Today’s mission, which will clear a host of debts and fines against the captain and crew if they live, is to find out what happened to the missing mining vessel Voyager, which we know was forced down on a the planet it was heading towards and then attacked by big mean alien somethings. They’re also supposed to wipe the data from the computers at the mining facility in the system, because it contains sensitive information.

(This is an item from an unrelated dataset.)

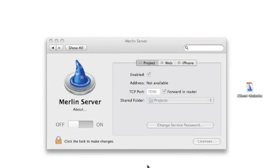Sharing projects with Merlin Server is easy. First, open the Merlin Server preference pane as shown here.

What the crew doesn’t know, because the captain hasn’t come clean with them, is that the Voyager had a super-secret planet busting super bomb on board and it’s actual mission was to set it off to get rid of it, and incidentally the planet the ship crashed on. He’s not telling them, at least until he has to, because it’s the sort of mission that he needs to take for noble reasons, and he’s not sure he can sell that to the crew. He experiences much angst over this, since, in the classic fashion, his crew is his family, and he’s always straight with them. Even about the fact that he’s got the ship wired up to spy on every nook and cranny and that he likes hanging out in his cabin checking up on them.

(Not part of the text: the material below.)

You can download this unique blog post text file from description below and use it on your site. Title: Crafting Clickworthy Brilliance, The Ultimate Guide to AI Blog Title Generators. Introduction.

That’s a bit creepy, but it’s really just a handy way for the author to give us periodic overviews of what’s going down.
Things go from bad to worse as we find the planet overrun with nearly un-killable aliens that breed like wildfire, have grabbed the bomb off the downed ship, and look to be getting ready to move on to strip the rest of civilized space clean as soon as they finish picking the remains of the previous crew out of their teeth.
Recently I read The Lazarus War: Artefact, by Jamie Sawyer, another reasonably priced Kindle offering, and the parallels between the two books are pretty impressive, right down to the last ditch efforts to invade the underground alien stronghold and blow up the superweapon. You could almost say that about James S. A. Corey’s Cibola Burn, sans the hordes of aliens. I’m just pointing out that there’s a lot of formula being applied here. By the way, if you like Hadfield’s writing, give Jamie Sayer a try, he’s at least as good, if not better.
I was sorry not to see a cover credit for either this or the author’s previous book, The Atlantis Ship, because they’re both pretty good, which matters even if Amazon doesn’t open Kindle books up to the cover page.
The writing and storytelling in The Lost Voyager are good enough to get the job done, but nothing stellar. Readers grabbed by this will be pleased that Carson Mach’s story seems nowhere near the end.